To evaluate the performance of the YOLOv11-SNEW model on the task of weed identification, a multi-model identification performance comparison experiment was designed in which YOLOv5s, YOLOv8s, YOLOv11s and the improved YOLOv11-SNEW model proposed in this paper were considered. Experiments were carried out based on training, validation and test sets prepared as described above. The hyperparameters were configured with a learning rate of 0.01, a batch size of 32, and a training period of 300 rounds. We note that YOLOv5s uses the CSPDarknet53 backbone network, which reduces the computational complexity through the cross stage partial (CSP) structure, and combines the PANet feature fusion path with decoupling head design. The scaling parameters were [0.33,0.50,1024], i.e. the depth factor was 0.33, the width factor was 0.50, and the maximum number of channels was 1024. YOLOv8s has an optimised backbone network based on YOLOv5s; it includes the efficient C2f module and the bidirectional feature pyramid to enhance the cross-scale information flow, and is equipped with the task pair to enable dynamic adaptation of the target shape adjustment anchor box uniformly. The scaling parameters were [0.33,0.50,1024]. In YOLOv11s, the multi-scale feature fusion network is optimised based on YOLOv8 to enhance the model’s ability to extract small targets. It is equipped with an improved feature pyramid and an adaptive boundary detection head. In this case, the scaling parameters were [0.50,0.50,1024]. The scaling parameters of YOLOv11-SNEW were also [0.50,0.50,1024]. When the training was complete, the accuracy rate, recall rate and mAP50 index for each model were evaluated using the test set to enable a quantitative comparison of their performance in weed detection. The evaluation results are shown in Figure 13.

FIGURE 13
Comparison of performance results from several models: (A) accuracy; (B) recall; (C) mAP50.
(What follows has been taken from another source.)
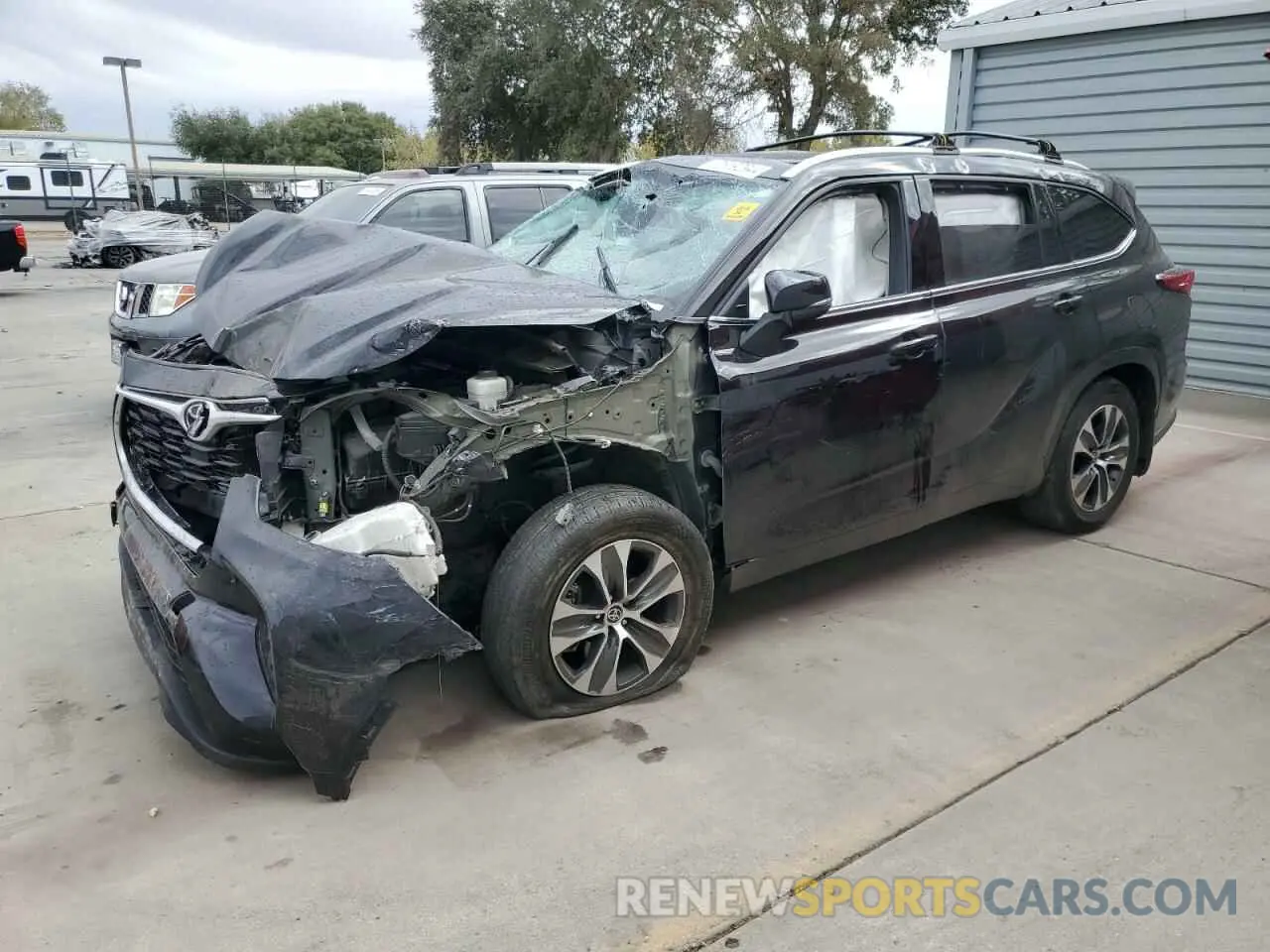 1 Photograph of a damaged car 5TDHZRBH2NS202763 TOYOTA HIGHLANDER 2022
As shown in Figure 13 and Table 1, the recognition accuracies of the four models for Digitaria sanguinalis, Chenopodium album, Cirsium arvense var. integrifolium, Cyperus rotundus, and Zea mays varied significantly. The highest recognition accuracy was achieved for Chenopodium album, with the results from all four models exceeding 97%. YOLOv11-SNEW gave the best results, with an accuracy of 98.9%, a recall rate of 97.6% and an mAP50 of 97.3%. In contrast, YOLOv8 achieved 97.7% accuracy, YOLOv11 had the lowest recall rate (94.1%), and YOLOv5 had the lowest mAP50 (94.2%). The superiority of these results can be attributed to the serrated edges and distinct, clear textures of Chenopodium album leaves, which provide a high level of distinguishability of the image features, enabling the models to quickly locate and extract more effective information for accurate recognition.

The poorest recognition performance was found for Cyperus rotundus. YOLOv11-SNEW achieved only 90.3% accuracy for this weed, with a recall rate of 93.0% and an mAP50 of 95.2%, while YOLOv5 performed even worse, with an accuracy of 81.7%, a recall rate of 74.5%, and an mAP50 of 86.1%. This is because the slender leaves of Cyperus rotundus lack a distinctive texture and often grow densely, leading to frequent occlusion and incomplete feature extraction. Its lighter colour compared to Chenopodium album also causes confusion with other weeds, further reducing the recognition accuracy.

The recognition accuracies for Digitaria sanguinalis, Cirsium arvense var. integrifolium, and Zea mays fell between these two extremes. YOLOv11-SNEW yielded the best performance of the four models, with accuracies of 92%, 93.8%, and 92.5% for these three plants, respectively. In contrast, YOLOv5 gave the lowest accuracies of 82.7%, 81.9%, and 86.5%. This difference may stem from the regular leaf arrangements of Digitaria sanguinalis, Cirsium arvense var. integrifolium and Zea mays, which facilitate feature extraction. Moreover, in images of the same size, individual Chenopodium album and Cirsium arvense var. integrifolium plants occupy larger proportions, providing more complete features and thus higher recognition accuracies.

In terms of model performance, YOLOv5's relatively shallow backbone network limits its ability to extract features from small targets, resulting in lower accuracy. However, its smaller parameter count and computational complexity make it suitable for deployment on embedded devices. YOLOv11 and YOLOv8 yielded good recognition accuracy, recall rate, and mAP50 but required significantly more computational resources, which may reduce the inference speed in practical applications. Of the four models, YOLOv11-SNEW achieved the best overall performance, with an average recognition accuracy of 93.5%, a recall rate of 90.1%, and an mAP50 of 91.4%, representing a comprehensive advantage across all evaluation metrics. Detailed results for the four models are presented in Table 1.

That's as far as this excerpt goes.